BEGIN

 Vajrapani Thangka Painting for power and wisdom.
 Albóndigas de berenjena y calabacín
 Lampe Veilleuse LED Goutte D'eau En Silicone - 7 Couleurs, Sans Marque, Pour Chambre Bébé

END

→ About this task:
Extract, word for word, each line of the listing above.

→ Solution:
 Vajrapani Thangka Painting for power and wisdom.
 Albóndigas de berenjena y calabacín
 Lampe Veilleuse LED Goutte D'eau En Silicone - 7 Couleurs, Sans Marque, Pour Chambre Bébé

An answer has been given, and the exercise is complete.